PROBLEM — Could you return, exactly as written, every line from the one containing "Sabana Liber Villapark" through the last line of the entries below, leaving out the pictures?

RECORDS —
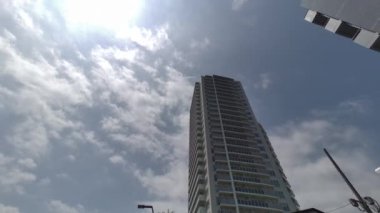 Tokyo Lisesi Apartman Kulesi Gökyüzü ve bulutlar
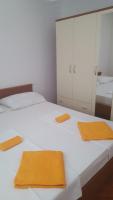 Postel nebo postele na pokoji v ubytování Apartments with a parking space Povljana, Pag - 14151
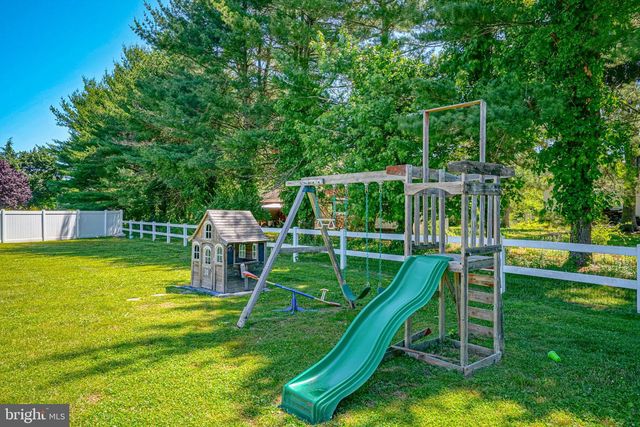8 DOWNING LN, Sewell, NJ 08080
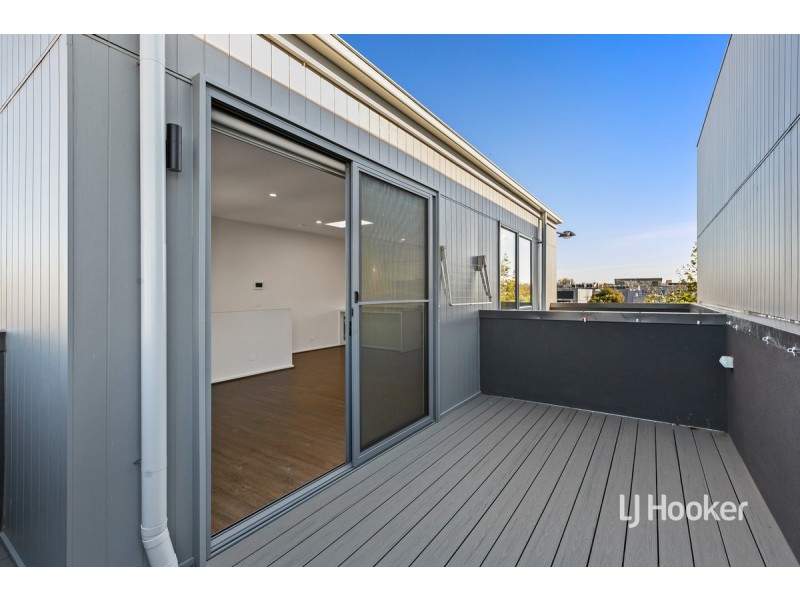 16 Lawler Street, Point Cook VIC 3030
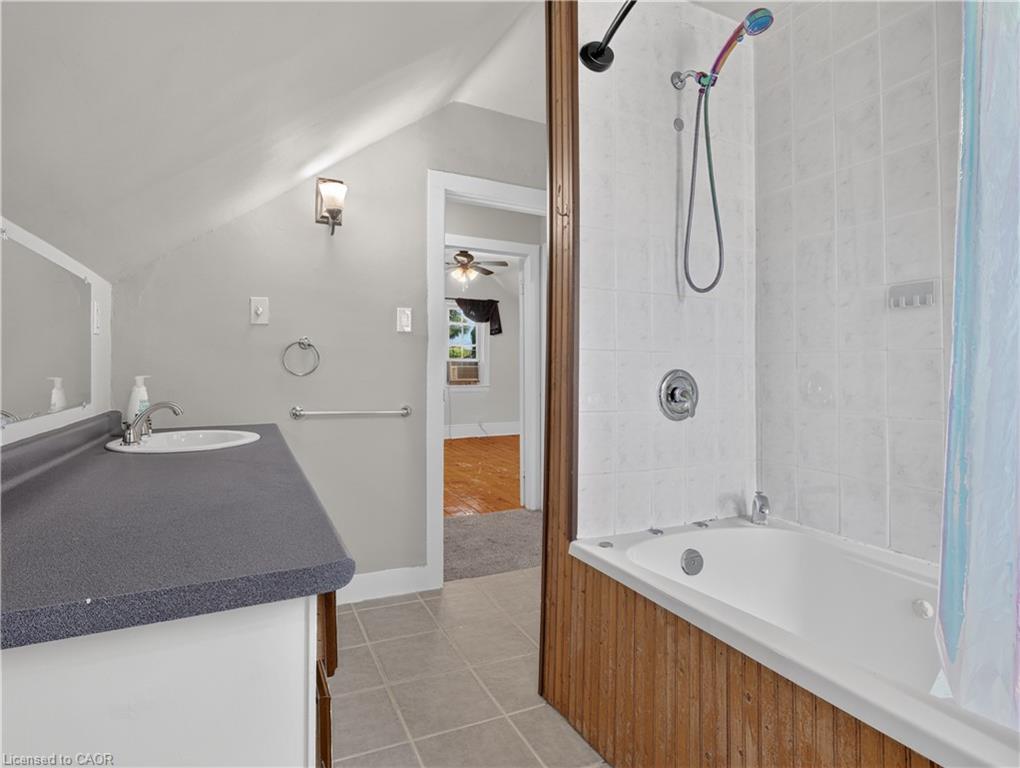 15 Catherine Street Property Photo 19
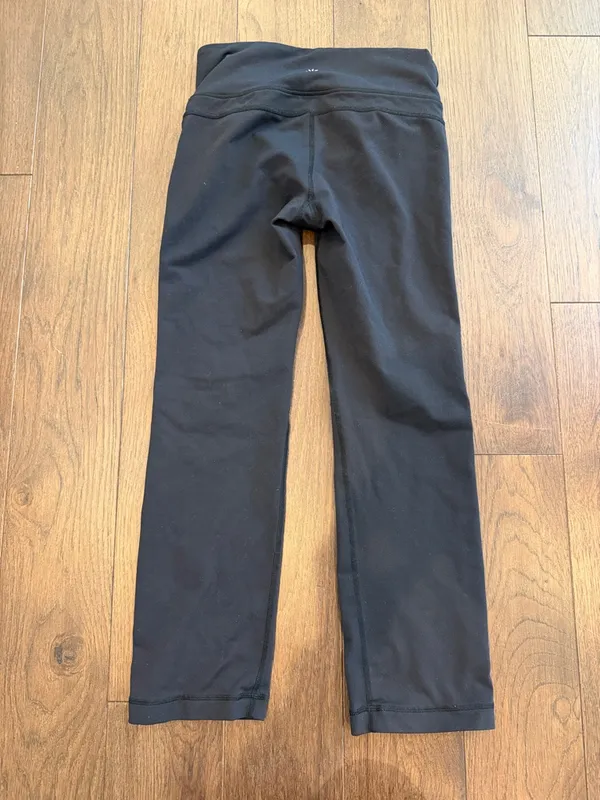 Athleta Black High-Waist Athletic Cropped Leggings Size Small - C31-043 - Image 3
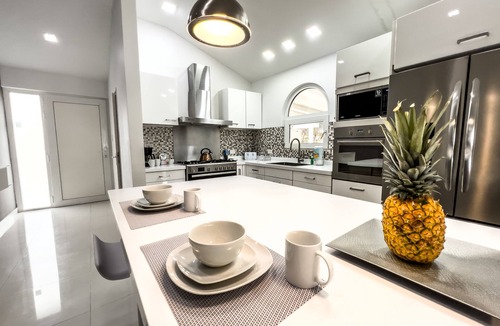 Sabana Liber Villapark Cottage | Modern Villa Private Pool 4min to Beaches!
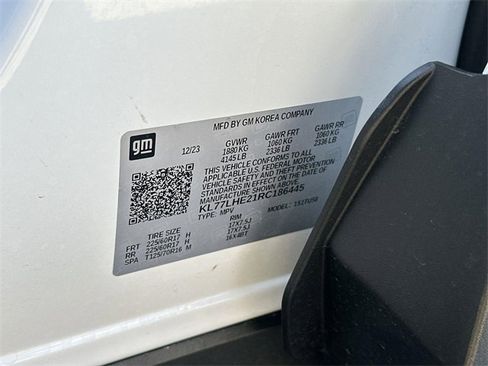 Used 2024 Chevrolet Trax LT w/ Driver Confidence Package image 32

OUTPUT BELOW —
 Sabana Liber Villapark Cottage | Modern Villa Private Pool 4min to Beaches!
 Used 2024 Chevrolet Trax LT w/ Driver Confidence Package image 32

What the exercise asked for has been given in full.